» Work to complete:
Images are not part of the copy; write out the rest of the data exactly as given.

» Provided data:

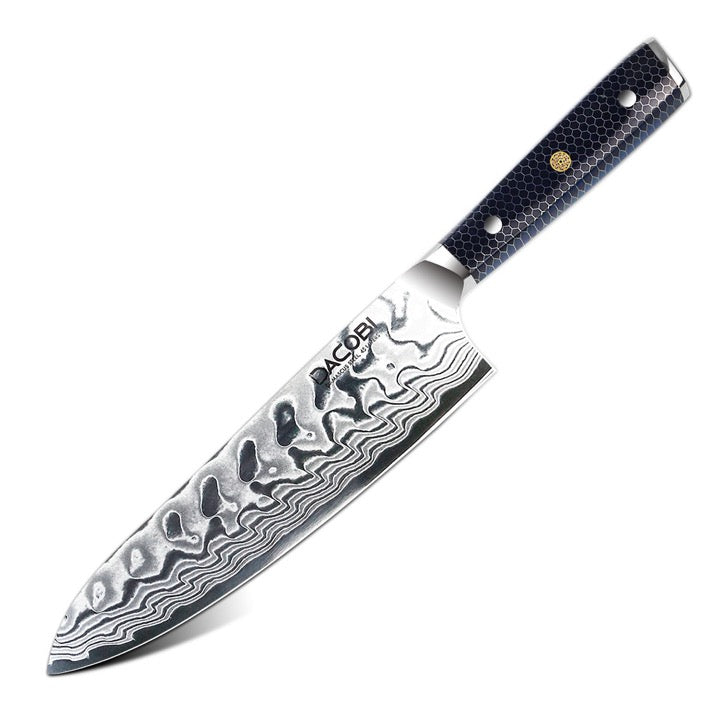Nóż szefa kuchni C15, stal damasceńska, 20.6 cm - DACOBI.pl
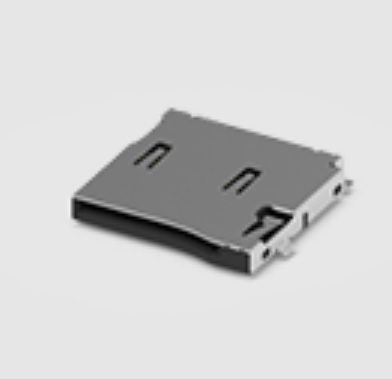 MicroSD сокет вставной
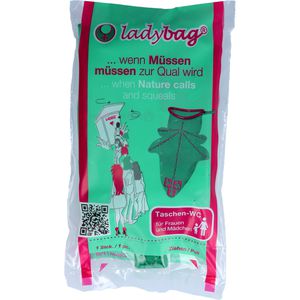 Ladybag Taschen-Wc für Frauen 3 St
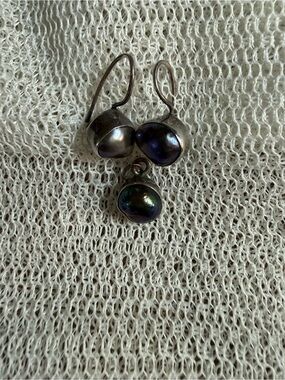 Sundance Sterling Pearl Earring, Pendant Set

» Exercise output:
Nóż szefa kuchni C15, stal damasceńska, 20.6 cm - DACOBI.pl
 MicroSD сокет вставной
 Ladybag Taschen-Wc für Frauen 3 St
 Sundance Sterling Pearl Earring, Pendant Set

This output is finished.